> **Information supplied**:
******************************

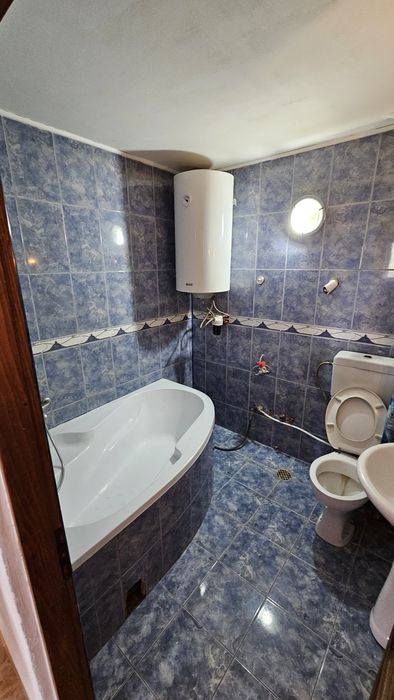Apartament Strehaia cu 3 camere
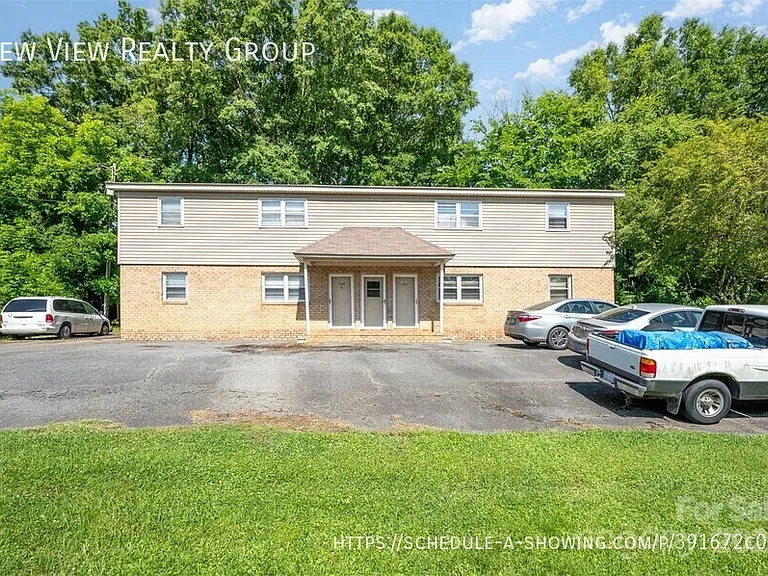 1568 Barringer St — Photo 11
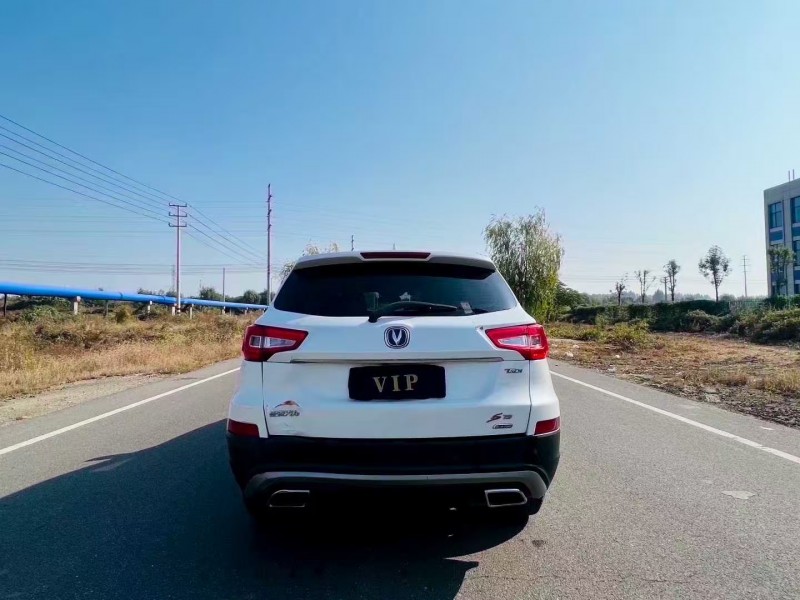 青岛17年长安汽车CS759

******************************

> **Your goal**: Print the listing exactly, images excluded.

> **Problem solution**:
Apartament Strehaia cu 3 camere
 1568 Barringer St — Photo 11
 青岛17年长安汽车CS759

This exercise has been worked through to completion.